If I’m writing some text by hand, I’m going to use markdown and just write:

    # Hendershot’s Coffee Bar
    1560 Oglethorpe Ave, Athens, GA

As for the benefits: having some widely-used machine-readable metadata linked directly to the data could let browsers do some pretty neat stuff in the future, like letting a user click to add an event to his calendar, look up directions to an address, or add a person to his contact book.

dctoedt · on Sept 12, 2010

Kilimanjaro's JSON data-island example is certainly more readable. OTOH, with that approach there's the risk that, during maintenance, the data island will be overlooked and will become inconsistent with the human-readable information.

Edit: Perhaps that risk could be mitigated by having the human-readable markup issue a JS call to the data island, which would have the benefit of being DRY-compliant.

Kilimanjaro · on Sept 12, 2010

Another option would be to put all data in a separate file and reference it with a link tag, just like rss/atom. Then from the markup we could use a 'ref' attribute to reference it.

Zero pollution

Zero overhead

Markup/style/data separation

Qz · on Sept 12, 2010

Part of the dilemma, I think, is that in the age of Google, everything except the markup IS data (and in some cases the markup is data too).

dododo · on Sept 12, 2010

why bother? because google, for example, will use some of the annotations:

http://www.google.com/support/webmasters/bin/answer.py?answe...

akozak · on Sept 12, 2010

Like I've mentioned before, Google and browser support are hardly the limit of how annotations would be useful. Having a scalable standard for metadata would create a platform for all types of services.

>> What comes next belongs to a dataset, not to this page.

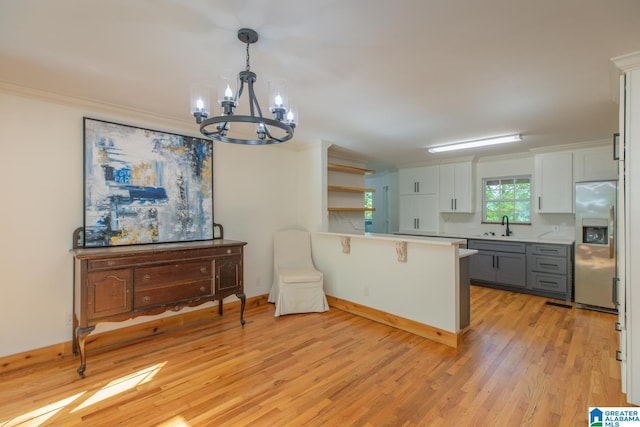 1794 Riverknolle Rd, Tallassee, AL 36078 - kitchen featuring stainless steel refrigerator with ice dispenser, a chandelier, a peninsula, light wood-style flooring, and a sink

To me, what's exciting isn't what it will immediately get you, but what will be possible with that platform of data when it's a well-accepted standard.

arfrank · on Sept 12, 2010

Recent discussion here about microdata: http://news.ycombinator.com/item?id=1673623

mark_l_watson · on Sept 13, 2010

I have always liked (and often written about) an alternative: for HTML: http://example.com/test.html, for semantic data: http://example.com/test.n3 (N3 RDF format).

If a web app creates dynamic data at URL: http://example.com/stockfeeds?symbol=APPL then perhaps use something like: http://example.com/stockfeeds.n3?symbol=APPL to get RDF. Also, have standard (or commonly used) meta data to point to an equivalent RDF URI in generated HTML.

alanh · on Sept 12, 2010

Never confuse microdata or microformats for API substitutes.